Hodiak cute and sweet; Preston a perfect bad guy. Lansbury can play a vicious bad lady; rather soft hearted at the end. Lansbury I also saw in a musical show in the movie Till the Clouds Roll By (I think that's the one; she is on a swing on stage -- also mid nineteen forties).

Charisse excellent. O'Brien her usual deadpan excellence. The singing piano player sweet on Charisse was very charming.

Judy's wedding gown wonderful. Reminded me of her wedding gown in the later forties movie The Pirate. Was this the same costume? The Pirate was 1948/1949, only two to three years later.

Another major star in this movie was the train, lol.

One problem, however, but it is of the times. Girls was the word. Judy was a girl getting married to a man out west. She never thought of herself as a woman. As far as the girls of the restaurant, maybe they were never thought of as adult women, either.

Women's biggest aspirations were to get married. Waitresses is another politically incorrect word today. Waitressing was a planned career in those days? A way to get off the farm? Two schoolteachers ditched the life for slugging steaks to the cowhands. What the???? How ridiculous.
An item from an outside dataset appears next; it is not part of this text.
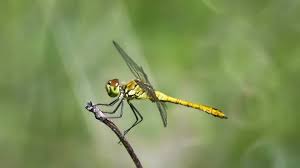 Attēlu rezultāti vaicājumam “Sympetrum vulgatum female”
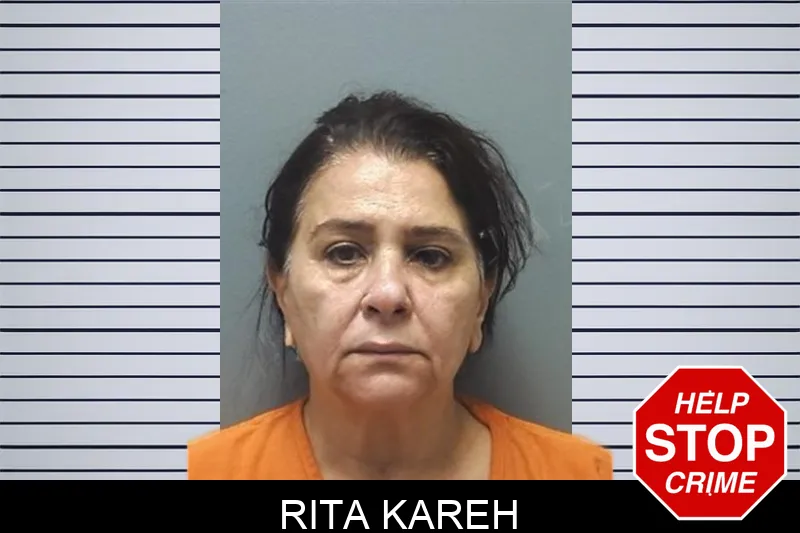Rita Kareh mugshot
This was a post World War II confection. It was mostly happy and carefree. How many of the cowhand actors had fought in World War II? How many of the actresses had been Rosie the Riveter on their way up to movie life?

Still, IMO this movie is still way better than the typical shoot-down-plane bang bang war movies of that time period. Enough of the fighting and killing. Hurray for this type of singing and dancing confection, and kudos to Judy for heading this stellar ensemble cast.